CTCs are cancer cells that have detached from the tumor and entered the bloodstream. The highly sensitive and selective CELLSEARCH System can detect CTCs via a routine blood test. The trial referenced in Clinical Cancer Research demonstrated that these rare cells are not present in individuals without cancer. The value of capturing and counting CTCs continues to evolve as more research data is gathered about the utility of these markers in monitoring disease progression and potentially guiding more precise and personalized cancer therapy.

"Studies have repeatedly demonstrated the accuracy of CTC enumeration to predict survival in patients with metastatic breast, prostate and colorectal cancers," notes Mark C. Connelly, Ph.D., Scientific Director, Janssen Diagnostics and one of the investigators involved in the trial published in Clinical Cancer Research. "The CELLSEARCH System can help detect changes in disease progression at any time which can help oncologists and their patients make more informed clinical decisions."

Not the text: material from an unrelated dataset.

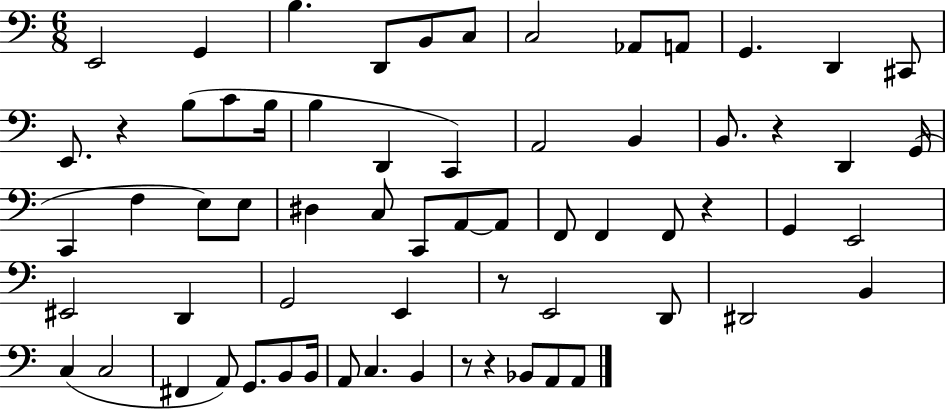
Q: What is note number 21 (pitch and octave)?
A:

Clinical data from 28 independent prospective studies involving more than 4,700 patients have validated the clinical performance and value of CELLSEARCH System CTC testing as a reliable prognostic factor for progression-free survival and overall survival both before and after therapy initiation. Data obtained with the CELLSEARCH System have been published in more than 100 peer-reviewed publications.

Intended Use: The CELLSEARCH Circulating Tumor Cell Kit is intended for the enumeration of CTC of epithelial origin (CD45-, EpCAM+, and cytokeratins 8, 18+, and/or 19+) in whole blood. The presence of CTC in the peripheral blood is associated with decreased progression free survival and decreased overall survival in patients treated for metastatic breast, colorectal or prostate* cancer. The test is intended to be used as an aid in the monitoring of patients with metastatic breast, colorectal or prostate cancer. Serial testing for CTC should be used in conjunction with other clinical methods for monitoring metastatic breast, colorectal and prostate cancer. Evaluation of CTC at any time during the course of disease allows assessment of patient prognosis and is predictive of progression free survival and overall survival.

*Metastatic prostate cancer patients in this study were defined as having two consecutive increases in the serum marker PSA above a reference level, despite standard hormonal management. These patients are commonly described as having androgen-independent, hormone-resistant, or castration-resistant prostate cancer.